See, in addition to hitting more balls in the air, Lowe has also demonstrated a much more aggressive approach increasing his chase rate (29%) and zone-swing rate (73.7%) by about seven points each. Consequently, he is walking (7.3%) less than ever, which is negatively impacting his on-base ability. Ultimately, the goal would be for Lowe to be able to mesh added power with the foundation of on-base skills, but, right now, it would appear he’s compensating for his struggles in one area by cutting away from his strengths.
Fortunately, there are signs of that changing:
Can we see this trend continue, thus balancing Lowe’s on-base skills with a power breakout? That is the hope. ZiPs projects Lowe to post a .270/.351/.447 slash line with a 129 wRC+, which is well within the range of outcomes. If so, I’m sure all parties would be quite thrilled with that outcome. In spite of the low walk rate, he’s still mustering a 128 wRC+; although projections are split on him, there are plenty of reasons to expect him to reach his high range of outcomes.
Baseball is a hard game on its own.
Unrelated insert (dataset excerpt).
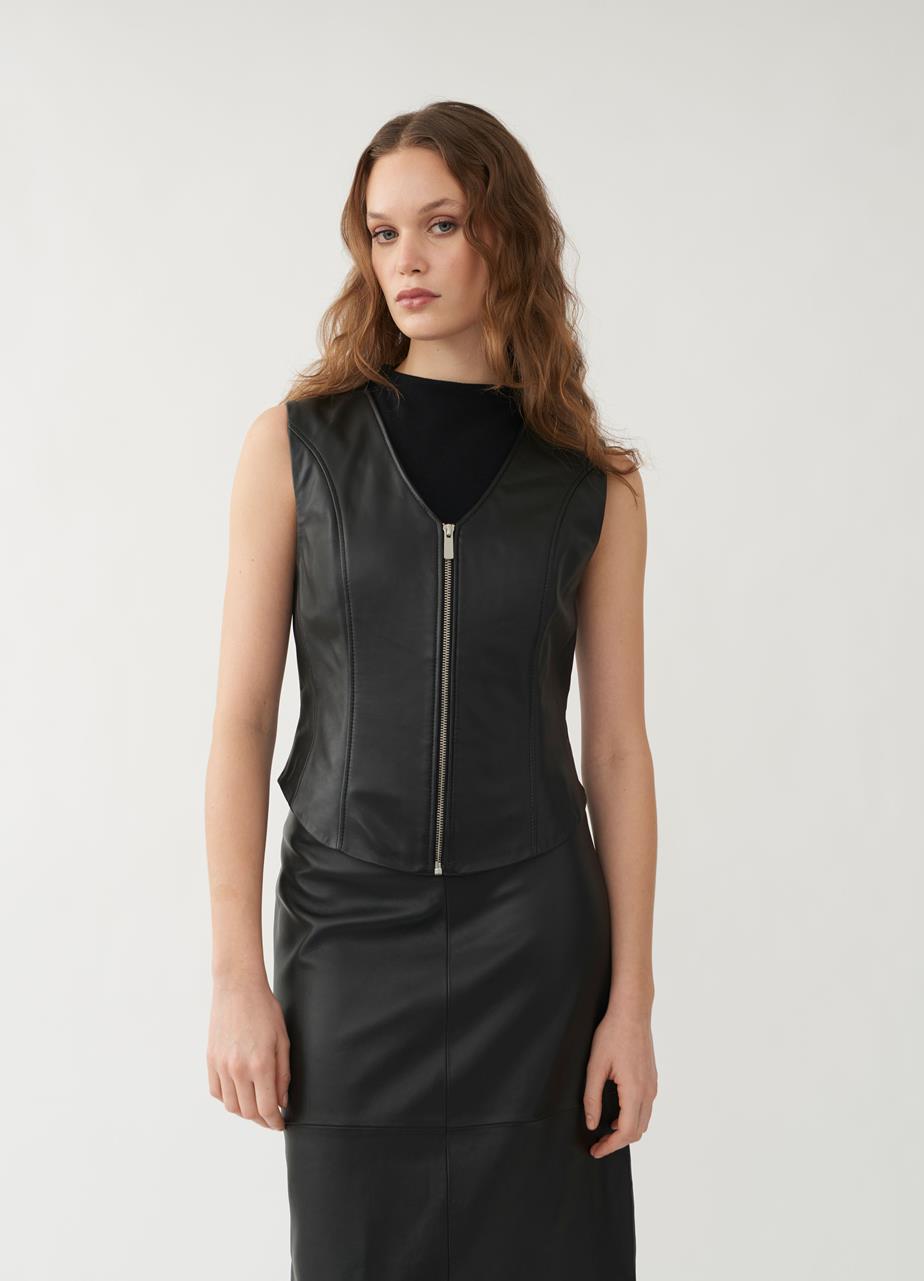 The vest Black leather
Now, add in trying to make adjustments on the fly, and the degree of difficulty skyrockets.
At the same time, as is the case with all aspects of life, change is often necessary. For Nathaniel Lowe, the journey has been rocky, but since the beginning, the foundational skills have always been there. After all, any hitter who can make strong swing decisions, get on base, and hit the ball extremely hard should always garner your attention.
This has been the driving force for Lowe all along, but, now it’s time for his untapped upside to be realized. After struggling to lift and pull the ball last season, he’s showing serious signs of progress this year, while also stabilizing some of his early plate discipline warts. When it is all said and done, we could easily be looking at one of the more complete offensive first basemen, or at least a hitter 25-30% above league average. That’s quite valuable, and something that we should not gloss over.
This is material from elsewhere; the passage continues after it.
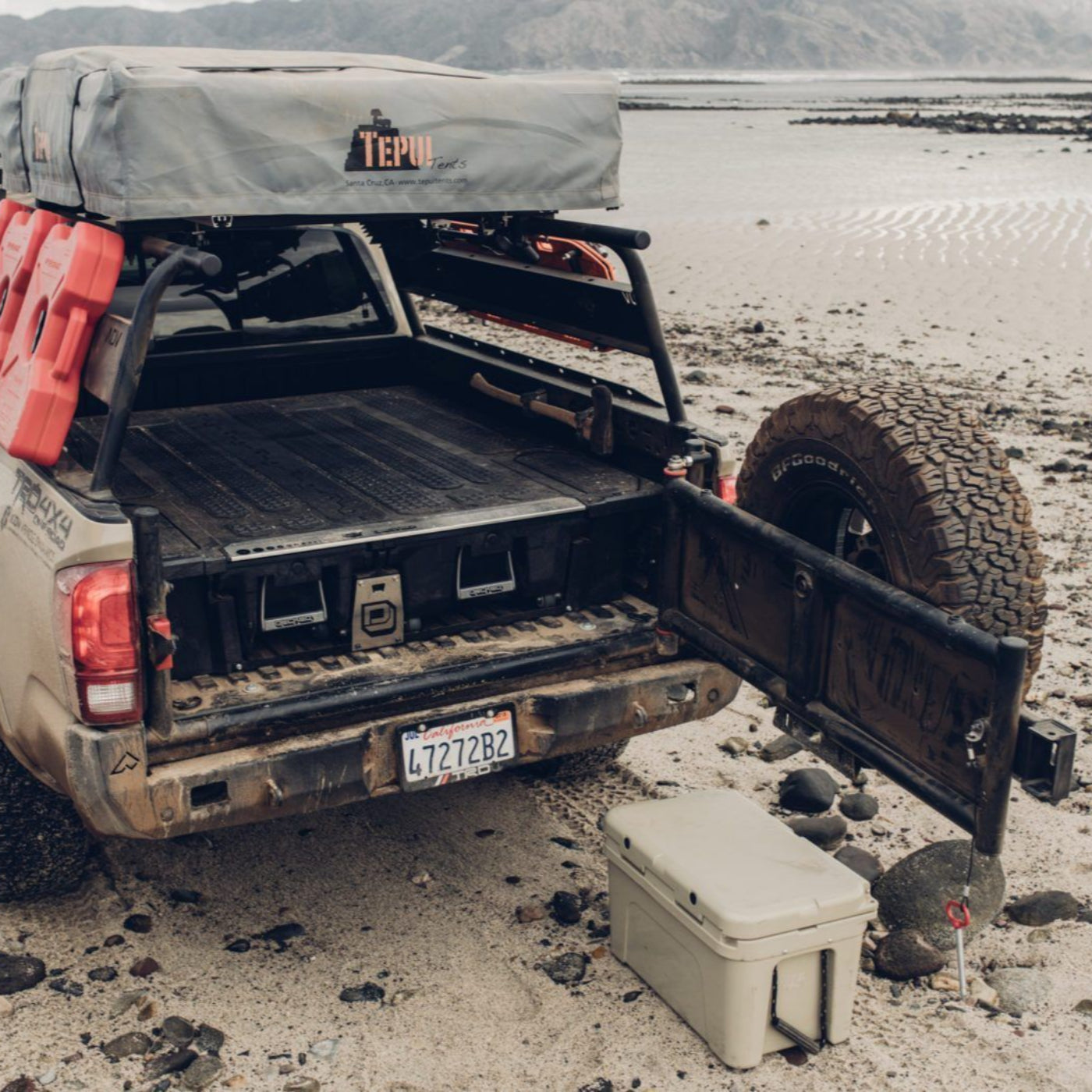 Mid Size Truck Vertical Tiregate Wilco Offroad display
Now, we just have to wait to see how the rest of the season turns out for Lowe. Right now, though, we should be extremely optimistic about the first baseman’s outlook moving forward. The transition to becoming the player he has the potential to be may not be “Lowe hanging fruit”, but change is happening! When it’s all said and done, the Rangers could have themselves quite a potent lineup in a few years.